Pronouns are grouped into three cases, depending on how they are used. Nominative case pronouns include I, you, he, she, it, we, and they.

The subject of a verb should be in the nominative case.

  • We are paddling the boat. [We is the subject of the verb are paddling.] 
  • She or I will wash the car. [She and I are the compound subject of the verb will wash.]

A predicate nominative should be in the nominative case.

A predicate nominative is a word or word group in the predicate that identifies or refers to the subject.


Personal Pronouns Tip

The predicate nominative identifies the subject by completing the meaning of a linking verb. Some common linking verbs are am, is, are, was, were, be, and been.

  • The winner of the race is she. [The predicate nominative she identifies the subject winner and completes the meaning of the linking verb is.] 
  • My parents are she and he. [The compound predicate nominative she and he identifies the subject parents and completes the meaning of the linking verb are.]

The Possessive Case

Possessive pronouns show ownership. Some possessive pronouns, such as mine, yours, his, hers, its, ours, and theirs, may be used as subjects, predicate nominatives, and objects.

  • Theirs is the poodle with pink toenails. [Theirs is the subject of the verb is.] 
  • Was the tie-breaking touchdown his? [His completes the meaning of the linking verb Was and identifies the subject touchdown.] 
  • Recently, Tana gave hers to charity. [Hers is the direct object of the verb gave.]

Other possessive pronouns, such as my, our, your, his, her, its, and their, are used to modify, or describe, nouns.

  • My car is in the garage. [My modifies car.] 
  • Cleaning the tables will be your job. [Your modifies job.]

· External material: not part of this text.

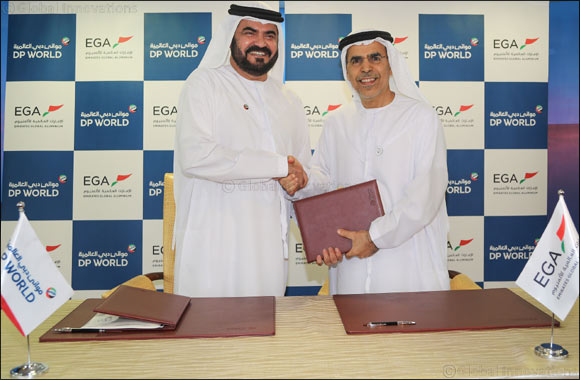 DP World and EGA Sign Important  Agreement to Support Aluminium Exports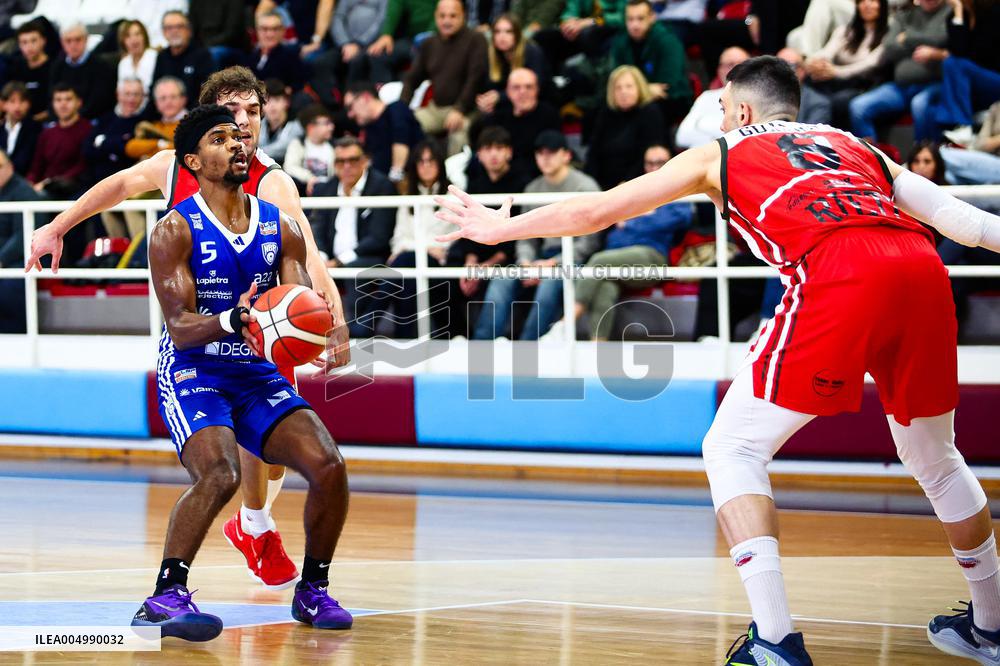 BASKET - Serie A2 - RSR Sebastiani Rieti vs Valtur Brindisi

Pronouns that come before a gerund should be in the possessive case.

  • Your volunteering for the fair was a surprise. [The possessive pronoun your comes before the gerund volunteering. The gerund volunteering is the subject of the sentence.] 
  • Stella was fascinated by its ringing. [The possessive pronoun its comes before the gerund ringing. The gerund ringing is the object of the preposition by.]
Personal Pronouns Reminder

A gerund is a verb form that ends in –ing and is used as a noun.

  • She is training for a marathon. [Training is part of the verb phrase is training.] 
  • Her training is very time consuming. [The gerund training is the subject of the sentence.]

The Objective Case

Objective case pronouns are used as direct objects, indirect objects, and objects of prepositions. Objective case pronouns include me, us, you, him, her, it, and them.

A direct object should be in the objective case.

A direct object tells who or what receives the action of a transitive verb.

  • Joel’s e-mails amuse her. [Amuse whom? Amuse her. Her receives the action of the verb amuse.]
An indirect object should be in the objective case.

You will often find an indirect object in a sentence with a direct object. An indirect object tells to whom, for whom, to what, or for what the action of a transitive verb is done.

  • Will Joel send me (IO) an e-mail (DO)?  [Will send an e-mail to whom? The indirect object me tells to whom Joel will send an e-mail. The direct object e-mail receives the action of Will send.]

An object of a preposition should be in the objective case.

An object of a preposition is the noun or pronoun that follows a preposition.

  • Joel sent e-mails to us. [Us is the object of the preposition to.]


Personal Pronouns Tip

To choose the correct form of a pronoun in a sentence with a compound object, cross out any objects before the pronoun. Then, choose the pronoun that sounds correct. 

  • These flowers are from Mom and (he, him). [Which sounds correct? These flowers are from he or These flowers are from him? The correct pronoun is him.]